At the level of the individual consumer, many organizations pull together the expertise and digital resources needed to create a unified commerce experience for their customers.

"The Amazon Experience" has set the standard for what consumers now expect from the digital marketplace. Stock elements like shopping carts and hamburger menus are taken as a given - but customers also demand options to fast-track the purchasing process and expect personalized experiences every time they log in.

The customer experience in B2B is very different from that of B2C - despite a convergence of expectations in recent years. In the B2B realm, pricing and contracts can change drastically from client to client - even from product to product - depending on the industry and whether products or services are made or delivered to order. B2B enterprises are typically also working with much larger transactions, each having a potentially greater impact on revenue and the bottom line.

Putting the right systems in place can assist in delivering a personalized experience for each business customer. It can also ensure that information is correct, relevant, and speaking to the customer in a language they understand.

Achieving the Ideal Customer Experience

The ideal B2B experience personalizes the seller's site for the buyer based on individual requirements and allows the buyer to get in and out of their transactions quickly and easily.
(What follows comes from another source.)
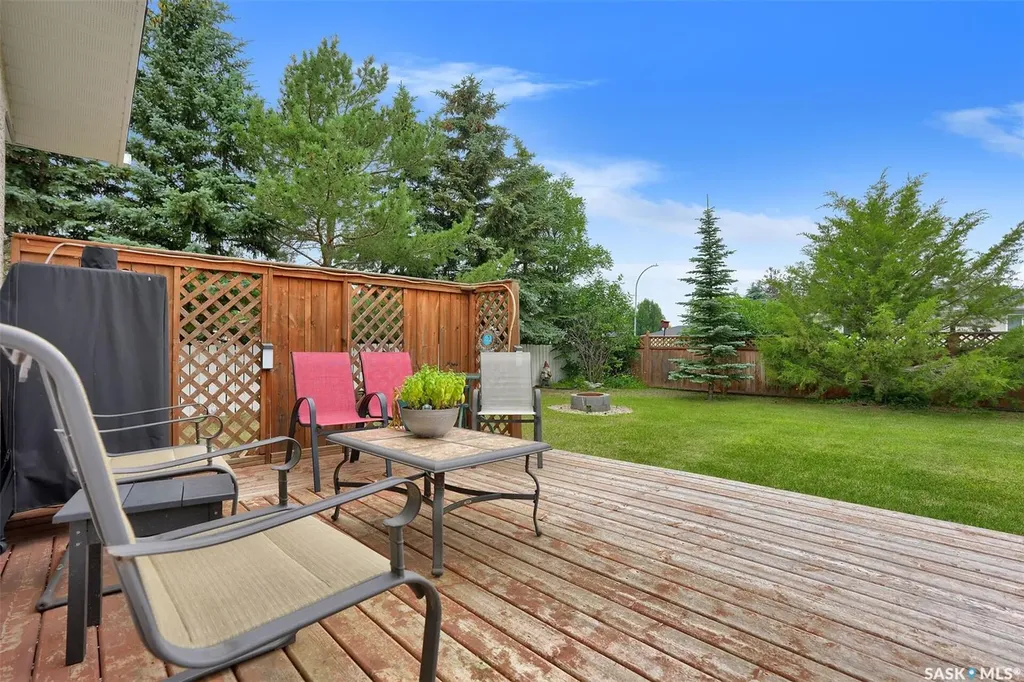 246/242 Westview Drive Balgonie SK S0G 0E0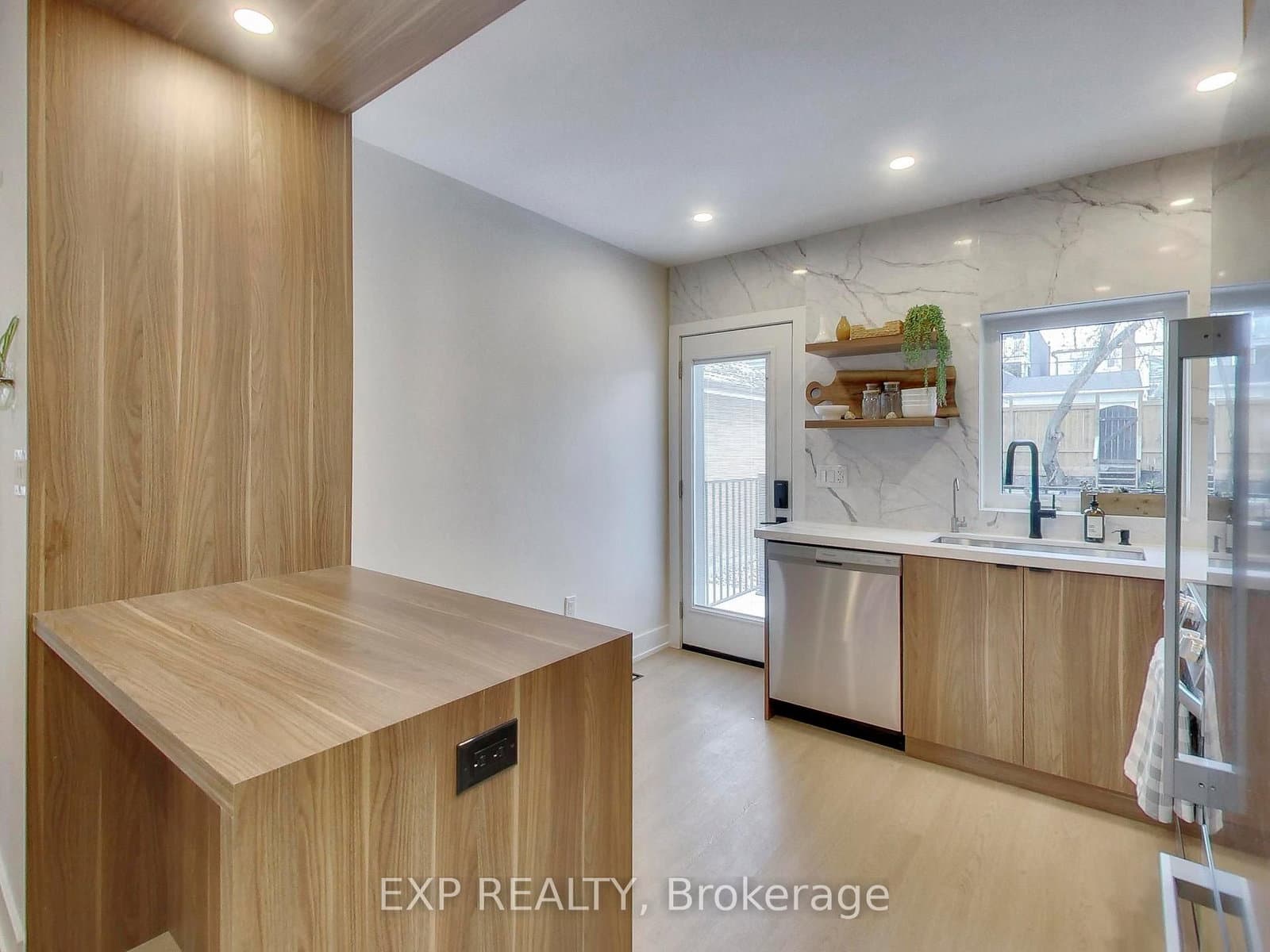 37 Gilbert Avenue thumbnail 8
The environment should also enable the seller to offer alternative product recommendations and provide opportunities for cross-selling and up-selling - all within the bounds of a painless and stress-free interaction that allows positive relationships to be nurtured with the buyer. If sellers in the B2B market achieve the goal of creating this ideal customer experience, a number of opportunities for growth and development soon follow.

A relevant and cost-effective selection of products or services delivered in a timely and efficient manner via courteous service and follow-up support will engender loyalty to the brand, with associated opportunities for repeat business, positive word of mouth, and referrals to a wider base of potential customers.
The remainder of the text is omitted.